Anche qui è necessaria una precisazione: la franchigia della Florida ha giocato le Finals NBA, quindi di fatto è stata l'ultima squadra a staccare dalla vecchia stagione assieme ai Lakers. In più, il covid-19 ha tenuto il leader della squadra Jimmy Butler fuori per gran parte delle partite da inizio anno, mentre a turno hanno saltato diverse gare anche Tyler Herro, Avery Bradley, Goran Dragic e, notizia dell'ultima ora, il lungo Meyers Leonard resterà fuori tutta la stagione per problemi fisici. Insomma, Miami è stanca e decimata e la risalita, molto probabilmente, inizierà solo nelle prossime partite visto il rientro del loro leader. Inserirli nelle delusioni non è figlio della pessima classifica (7-13, terzultimi a Est), ma dell'atteggiamento spesso arrendevole mostrato nelle tante sconfitte. Un modo di capitolare decisamente fuori dalle corde per una squadra che proprio nella culture si è dimostrata la più motivata di tutte a lavorare oltre i propri limiti. Sono concessi i tanti esperimenti fatti finora per colmare le defezioni, ma nelle prossime sfide gli Heat avranno tante gare abbordabili e la possibilità di risalire la china. Per tornare una delle mine vaganti più temute dell'NBA.

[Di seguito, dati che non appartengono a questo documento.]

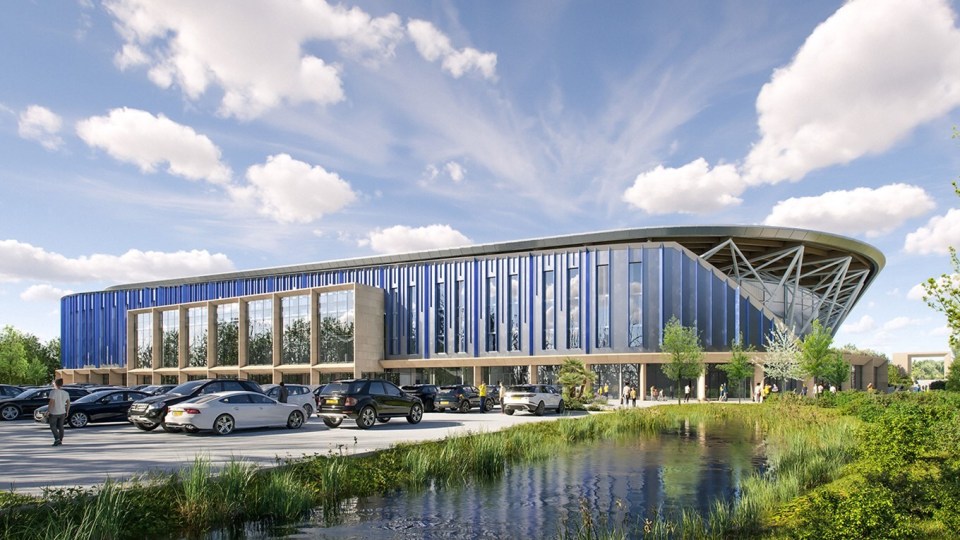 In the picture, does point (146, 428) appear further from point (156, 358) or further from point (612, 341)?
point (156, 358)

Minnesota Timberwolves (5-15)

Prima scusante: il miglior giocatore della squadra ha giocato 4 partite su 20 disponibili. Stop, sono finite le giustificazioni. Una squadra con la prima scelta assoluta, Anthony Edwards, un assoluto talento come l'ex Lakers, Nets e Warriors D'Angelo Russell e una serie di giovani figli degli ultimi draft non può avere così poca voglia di emergere e lasciarsi praticamente scorrere davanti ogni partita senza un sussulto. Le sconfitte in serie, in un quadro più ampio di annate su annate deludenti, rischia di provocare un corto circuito totale dal quale non sarà possibile riprendersi facilmente. Demoralizzati e demoralizzanti: ultimi per offensive rating, 27esimi per defensive rating, 30esimi per net rating, ultimi per punti concessi agli avversati, 27esimi per punti fatti. Un quadro totalmente desolante che, questo si può dire già dopo solo 1/3 di stagione, suggerisce di guardare direttamente al prossimo anno cercando semplicemente di chiudere questo con dignità. La strada da fare per Minnesota è davvero lunga.